That’s why, more than ever, niches and mini-specializations are becoming effective differentiation tools. By going through a focusing process, new advisors can learn more about the things that matter most to their target clientele, making the work of acquiring new clients easier over time.

And because most advisors are generalists, you can pick nearly any topic, really focus in on it and become more knowledgeable than your peers, to say nothing of virtually every consumer. Once you begin to differentiate with your expertise, you’re well on your way to securing your own clients — and potentially a significant amount of recognition in your field.

In my second year as an advisor, I worked in a paraplanner role at an independent broker-dealer.

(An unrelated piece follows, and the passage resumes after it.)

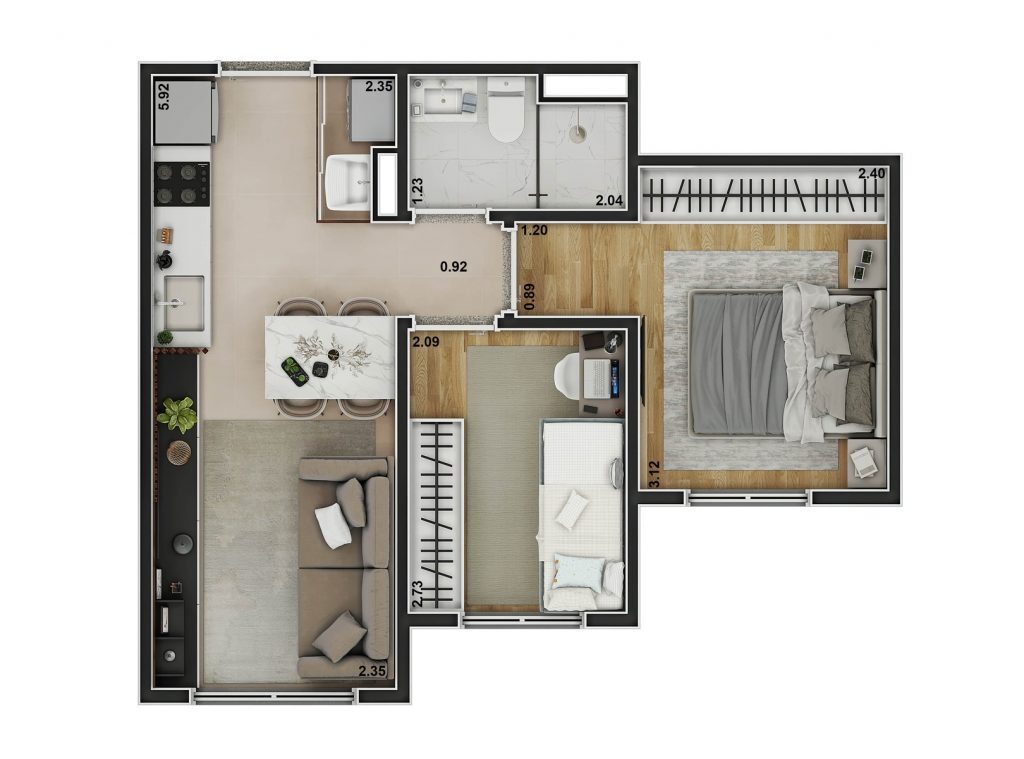 Planta 01 - 2 dorm 36,89m²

This was back in the very early 2000s, the heyday of variable annuities with living benefit riders. Annuity companies would roll out new riders with new features every couple of months, making it really difficult to keep track of them all.

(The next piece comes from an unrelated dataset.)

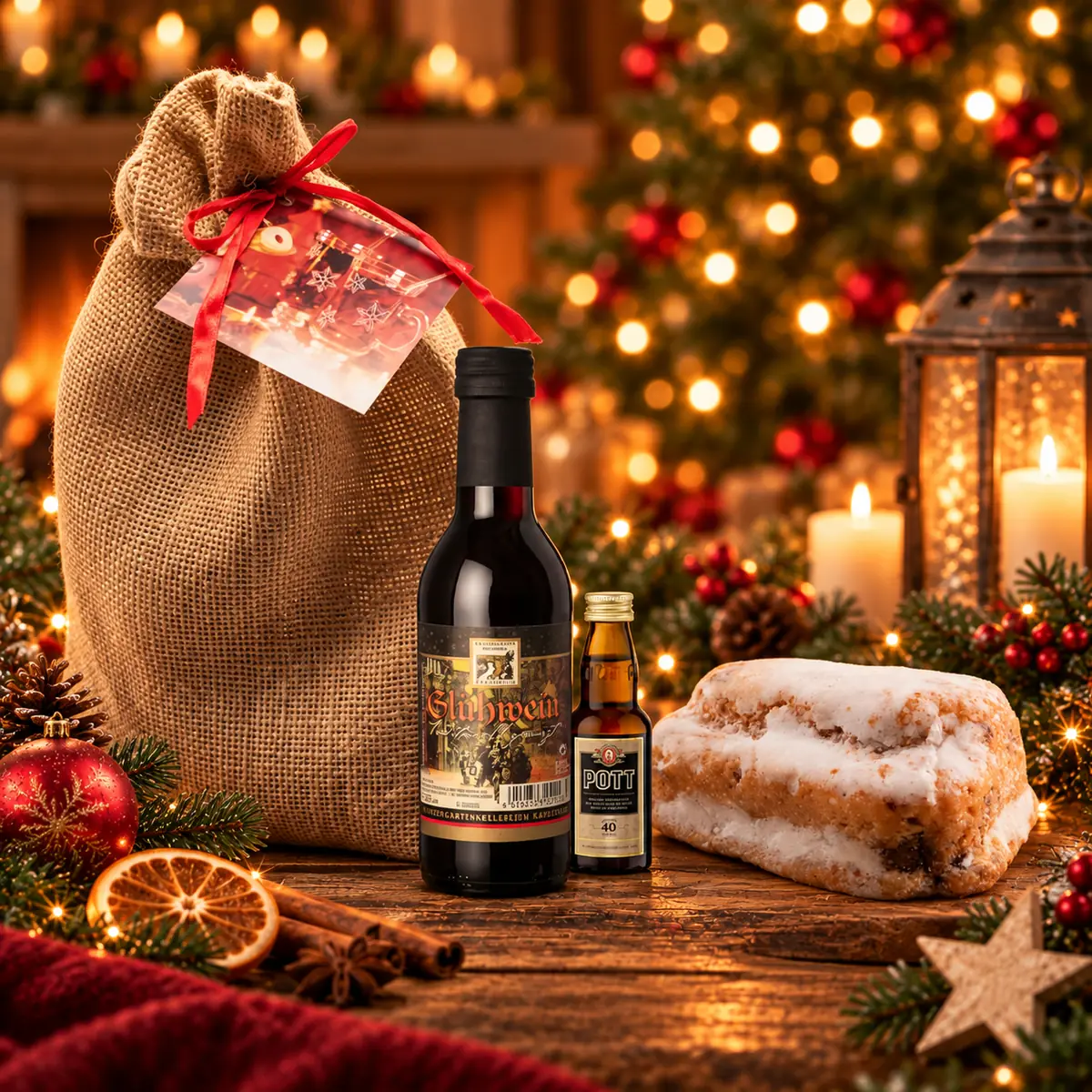 Glühweingenuss Geschenkset mit Glühwein, Spirituose und Stollen im Jutebeutel als Weihnachtspräsent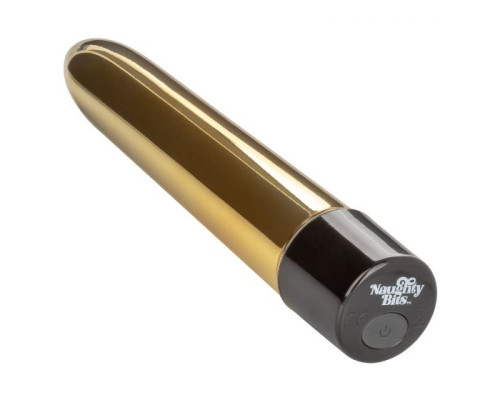 Золотистый классический вибратор Naughty Bits Gold Dicker Personal Vibrator - 19 см.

So I decided to get copies of specimen contracts for all the popular major annuities, and read and catalogued every single one. Did the rider have a ratcheting high watermark benefit base or a guaranteed growth rate on the benefit base? Was that growth rate 5% or 6%? Were there investment restrictions? What was the cost of the contract, rider and all the underlying funds? All that information was captured and catalogued. I did my homework, and in doing so created a mini-specialization in variable annuities with living benefit riders.

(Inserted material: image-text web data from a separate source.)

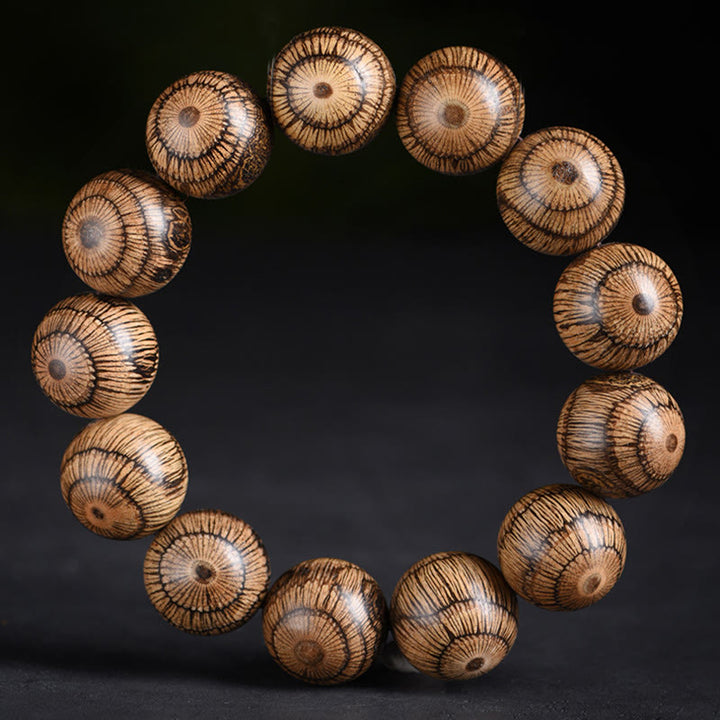 Braccialetto di protezione con perline di legno di gnetum Buddha Stones - image 5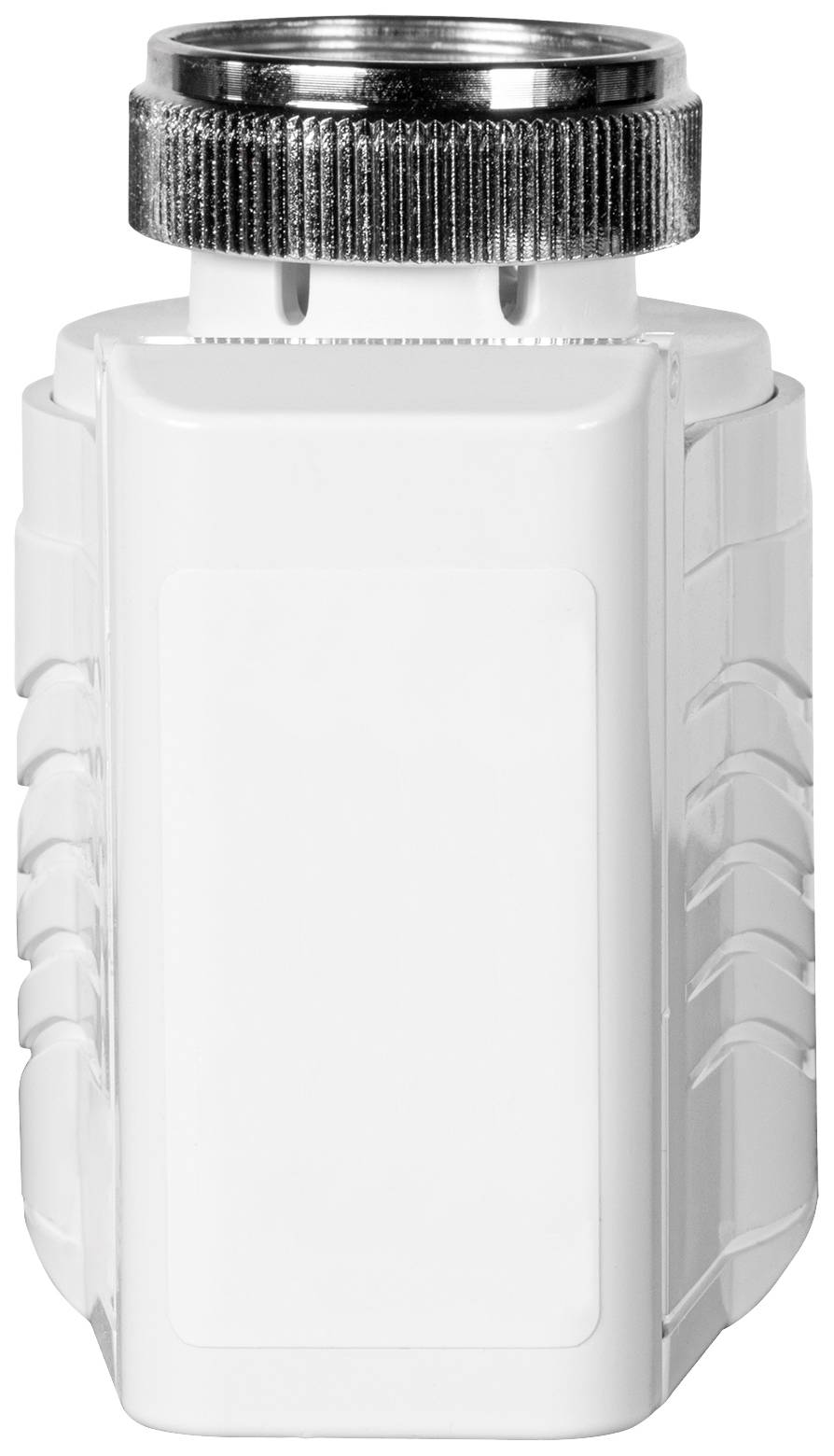 Biała, cylindryczna butelka plastikowa z prążkowaną nakrętką. Idealna do przechowywania płynów lub produktów chemicznych.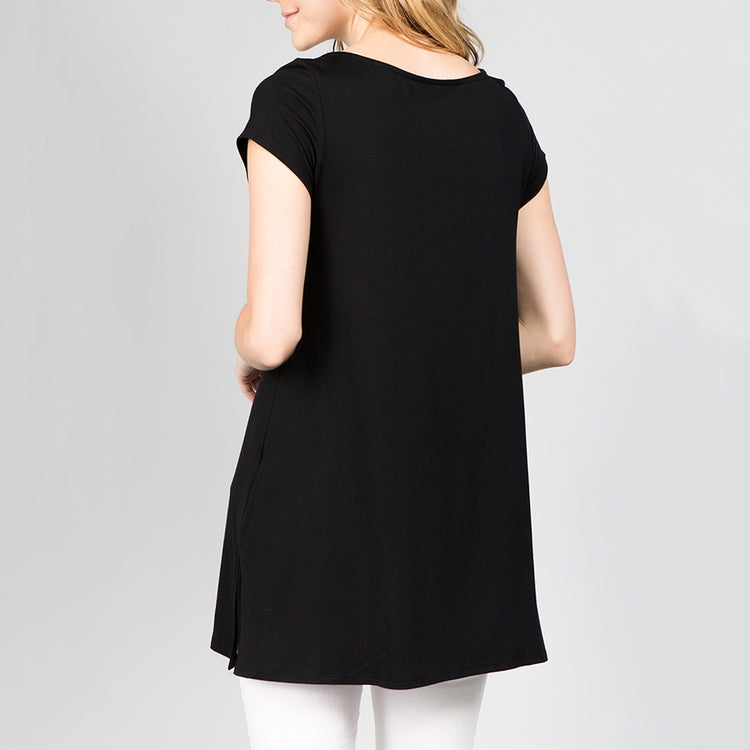 Side Slit Tunic - Black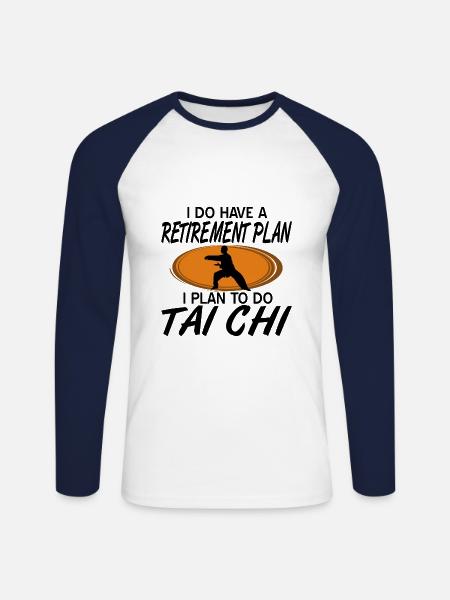 Tai Chi - Unisex Long Sleeve Baseball T-Shirt - white/navy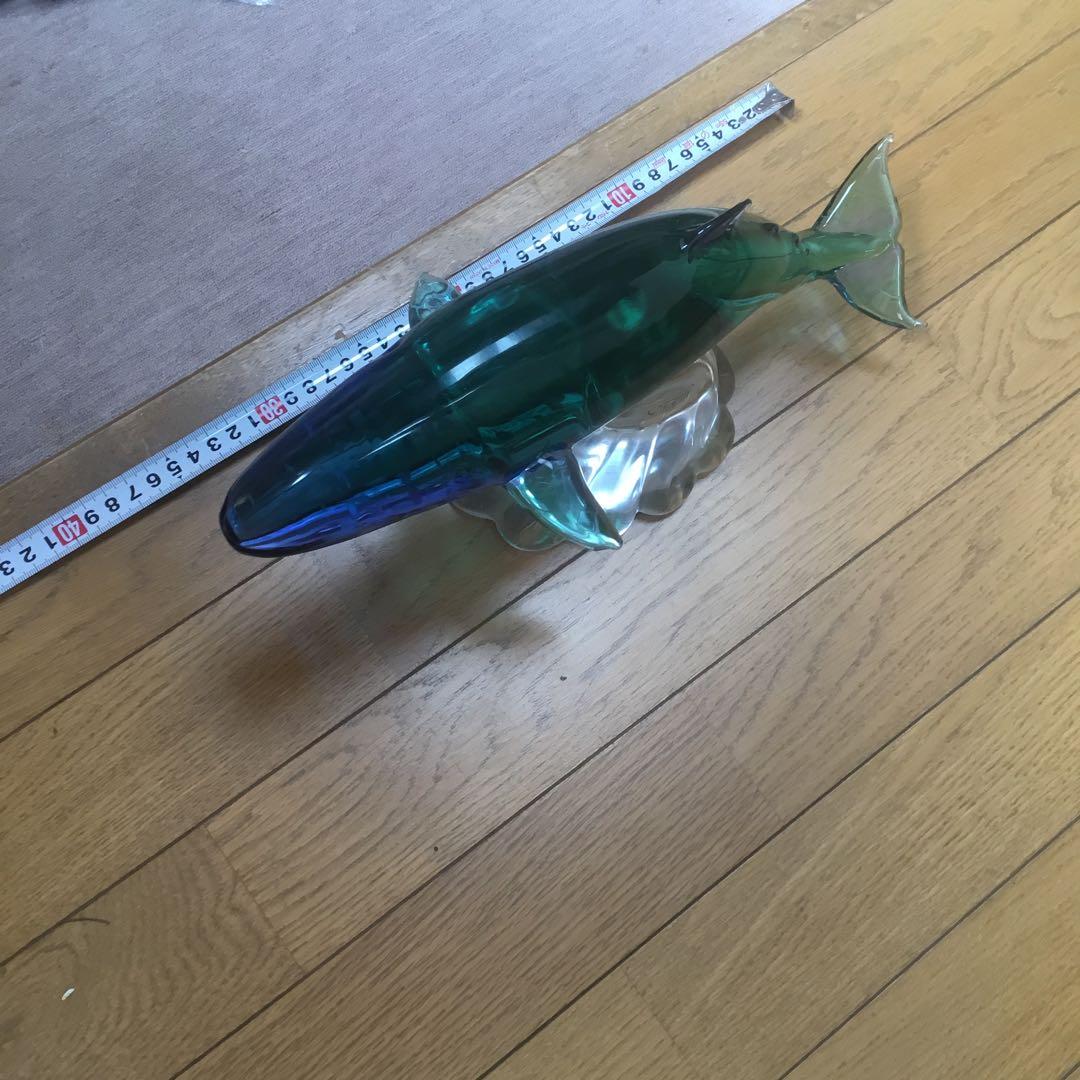 青緑色 ガラス 置物 オブジェ 大型 鯨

Being a younger advisor trying to get more experience and facetime with clients, it was amazing to suddenly be the expert on a topic. More senior advisors would call on me because I knew the details better than they did, which gave me a ton of valuable client experience early in my career. It would eventually lead to a book that’s now in its fifth edition, The Advisor’s Guide to Annuities.

This is precisely why I’m such a huge advocate of advisors finding niches and specializations. The distinction between the two is important. A specialization typically connotes some kind of subject matter expertise. Mine was variable annuities with living benefit riders. By contrast, a niche is about serving a particular group of clients exhibiting a particular need, and applying a service or solution to solve that need.

Your niche might be in serving airline pilots who need to navigate their airline pension system or executives at a corporation that need to know how to handle their firm’s unique executive compensation package. Or maybe you’re working with recent widows and widowers, or new retirees.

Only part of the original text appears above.